HR leaders and talent recruiters are bearing the brunt of creating a thriving workplace culture during COVID-19 and the Great Resignation. It’s a real ordeal and the numbers paint a grim picture: 38 million workers quit their jobs through October of last year and more than 500,000 new LLCs were registered in 2021 alone.
HR professionals have been provided little relief over the last two years, said Mary Faulkner, a principal at HR consultancy IA HR and a co-presenter for an HRE webinar this week titled “The job is dead—Long live skills.”
“The tears are real. The exhaustion is palpable, and the need for rest and recharging is acute,” Faulkner said.
But there is a way to address the historic HR dilemma: By adopting a more skills-based approach to hiring and retaining talent, HR leaders can meet the expectations of a rapidly changing workforce.
This means that HR leaders must address how they approach the foundation, technology and mindset of a new skills marketplace, said Mark Stelzner, founder and managing principal at IA HR and a co-presenter of the webinar.

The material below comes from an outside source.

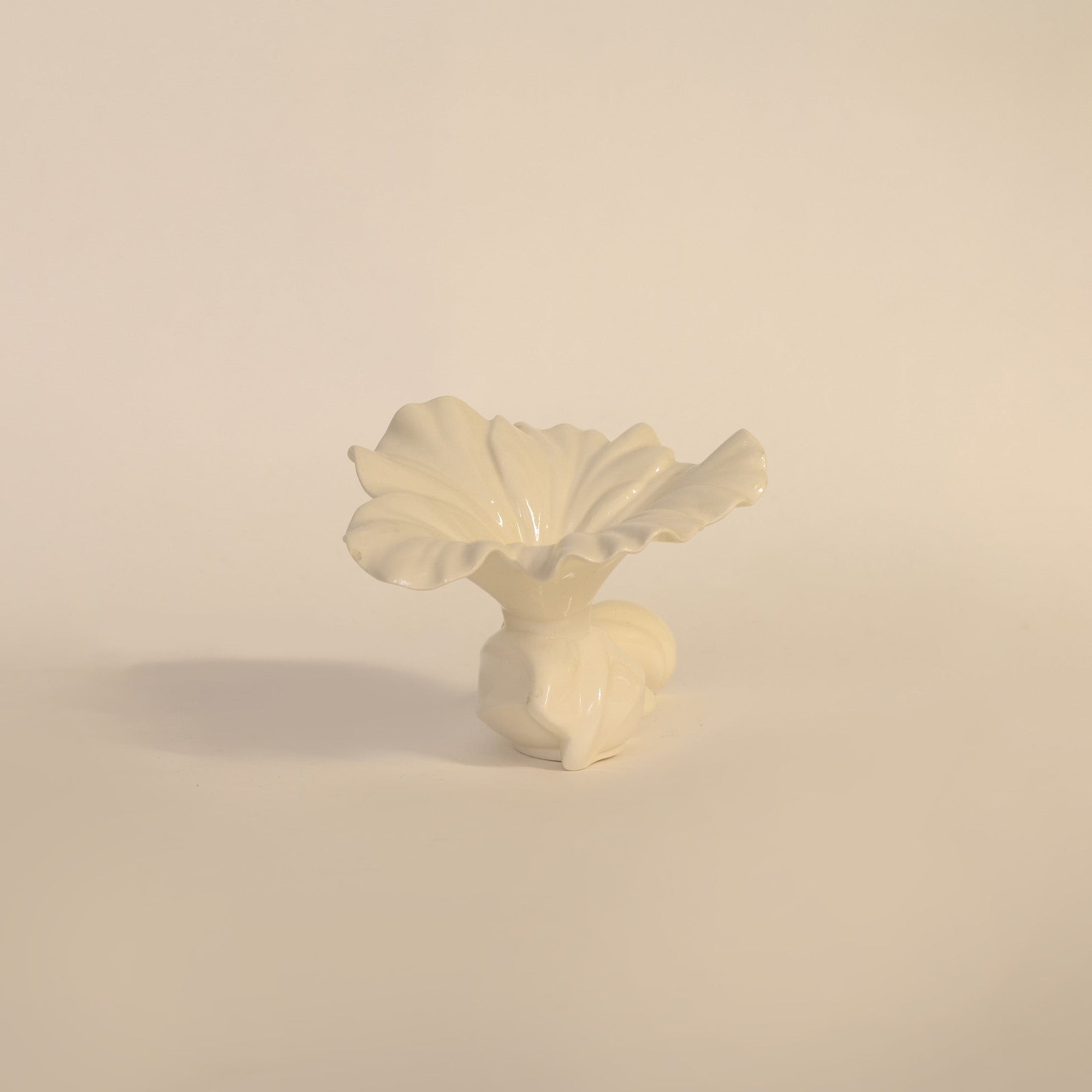 White ceramic flower sculpture on a beige background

According to Stelzner, the foundation of work structure, employment legislation, compensation, career development, learning skills, taxonomy and competency models need to be upended. “This isn’t an evolution but a revolution,” he said.
“This is something that we need to foundationally modify if we’re going to successfully navigate the moment and emerge not into an uncertain future, but an exciting future.”

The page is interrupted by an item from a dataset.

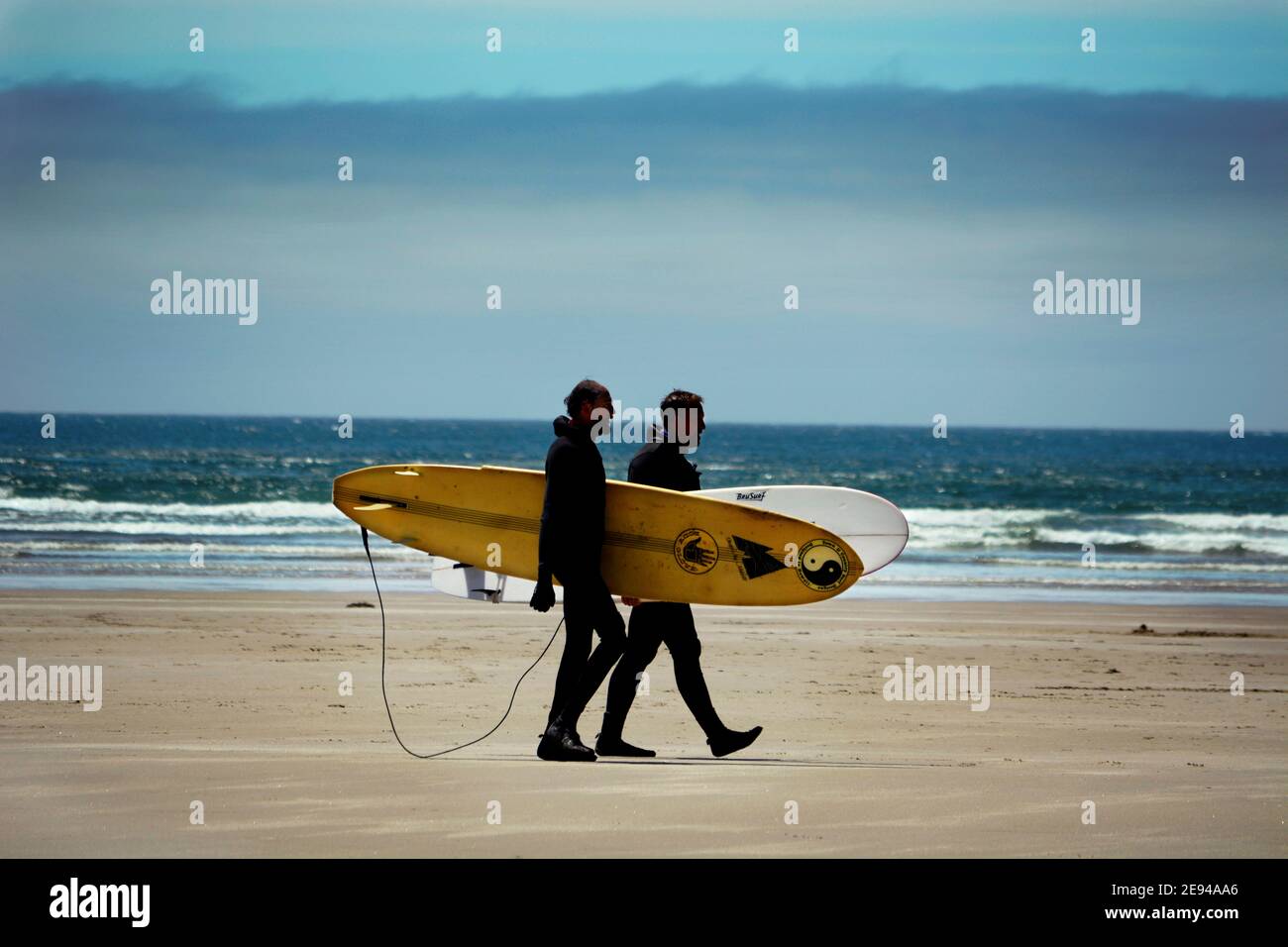 Zwei Männer laufen am Strand entlang mit ihren Surfbrettern an der Pazifikküste in der Nähe von Newport, Oregon. Stockfoto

The work starts with improving job recruitment to search not for a candidate’s current skills, but for future potential. ”When you’re looking at who would be the right fit for that position, historically, [recruiters typically] looked at past experience and not future potential,” said Faulkner.
“Some of my best hires when I was a hiring manager were people who on paper, maybe didn’t have big experience, but they had so much potential in the way that they thought. They were able to demonstrate that learning agility,” she said. “They were just great hires.”
In terms of technology, the standard practice of transferring a new hire’s information from an applicant tracking system into the HCM system typically does not reflect the reality of the person’s responsibilities. Often, on their first day of work, new employees are presented with the realities of their role—reporting to multiple teams, for example—that were not mentioned during the numerous job interviews.
“We’re losing the opportunity to really look at the way in which work is actually performed and make sure that our systems represent the work,” said Stelzner.
For example, Stelzner pointed to a healthcare client based in southern California that, in the early days of COVID, couldn’t perform proper background checks and verification. In response, they asked their furloughed workers to list all of their job skills and professional certifications that had never been recorded since their hire.
“They filled 1,220 positions with known existing resources just by asking,” he said. “Ask people to define the skills that are not part of their job, weren’t part of their onboarding and maybe even not part of a project. Get to know the whole person, and find out all these wonderful things that people are capable of,” he said.
A new mindset
Emphasizing continuous learning, both within and outside of work, demonstrates that employers are interested in employees’ intellectual growth and their potential to thrive.
“We want the individual to be happy. Part of the way in which we can amplify that approach is by supporting general skills development in any area of interest,” he said.
Stelzner pointed to a medical device manufacturer based in Ireland that could not invite global experts to visit them during the early days of the COVID outbreak. Instead, they reached out to local universities and online educational sites to reskill their team of 150 staffers. Their engagement surveys were off the map, said Stelzner.
“They were seen to be trusted. They were excited by the investment of both opportunity and Euros to bring them forward,” he said. “As a result, they bonded and executed [the plan] and they now have a new skilled center of excellence that can support any dynamic needs of the organization.”
This shows that work is more than a paycheck, Stelzner said, “it’s recognition.”